L’uomo qualunque. Atto d’accusa, favola onirica, commedia, grande metafora: qualunque cosa sia il film di Garrone, al centro c’è la grande illusione del pescivendolo, quella di diventare famoso.
Da quando sugli schermi televisivi sono comparsi i primi reality, è stato tutto un susseguirsi di accuse e rimproveri: il reality è trash, stimola comportamenti sbagliati, inebetisce gli spettatori nel voyeurismo più bieco. Il reality, infatti, cerca di traghettare storie di gente comune, di farle uscire dall’anonimato in cui generalmente vivacchiano, di portarle alla ribalta del video e farle esplodere.

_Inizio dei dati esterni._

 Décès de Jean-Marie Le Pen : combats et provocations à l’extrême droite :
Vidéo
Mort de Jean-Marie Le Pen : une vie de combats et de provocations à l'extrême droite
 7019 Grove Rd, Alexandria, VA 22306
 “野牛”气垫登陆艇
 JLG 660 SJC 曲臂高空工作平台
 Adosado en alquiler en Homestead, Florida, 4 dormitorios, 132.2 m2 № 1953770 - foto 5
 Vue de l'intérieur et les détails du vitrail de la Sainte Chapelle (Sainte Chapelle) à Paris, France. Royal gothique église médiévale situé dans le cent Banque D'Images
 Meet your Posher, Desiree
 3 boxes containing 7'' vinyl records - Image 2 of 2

Ora, la cosa più curiosa è che l’interprete principale del film di Garrore non è un attore, è un ex detenuto, Aniello Arena. La domanda che uno potrebbe porsi è questa: ma un carcerato che diventa famoso con un film non è esattamente come uno che diventa famoso con un reality? Che differenza c’è?

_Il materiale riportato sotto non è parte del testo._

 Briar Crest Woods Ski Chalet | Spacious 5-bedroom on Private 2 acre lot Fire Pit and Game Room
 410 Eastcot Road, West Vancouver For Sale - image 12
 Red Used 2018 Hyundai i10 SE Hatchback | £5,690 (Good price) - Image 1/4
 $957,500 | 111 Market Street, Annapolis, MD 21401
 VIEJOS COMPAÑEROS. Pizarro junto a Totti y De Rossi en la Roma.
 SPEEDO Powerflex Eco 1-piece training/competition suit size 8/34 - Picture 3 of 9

Saranno famosi. La storia del cinema italiano è piena di attori presi dalla strada, da Zavattini-De Sica a Olmi, a tanti altri registi. Sarebbe interessante che un giorno qualcuno scrivesse la storia di questi “attori presi dalla strada”: in che modo sono diventati famosi, quanti hanno continuato a recitare, che fine hanno fatto gli “sconfitti”, come è stato superato il trauma del passaggio dall’anonimato alla notorietà, che responsabilità hanno avuto i registi.

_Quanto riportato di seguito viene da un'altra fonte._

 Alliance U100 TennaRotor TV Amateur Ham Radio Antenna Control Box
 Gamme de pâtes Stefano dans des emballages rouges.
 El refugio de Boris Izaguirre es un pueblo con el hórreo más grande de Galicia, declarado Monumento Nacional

Mi immagino la risposta: l’attore preso dalla strada non è uguale al concorrente del reality perché la sua redenzione avviene nel nome dell’arte. Ma proprio qui si annida tutto il moralismo e l’ipocrisia di questa presunta differenza. Il povero Pietro Taricone aveva qualcosa in meno di Aniello Arena? E chi stabilisce la patente di artisticità? Uno “spostato” sarà meno spostato se a soffiare è l’aura del cinema?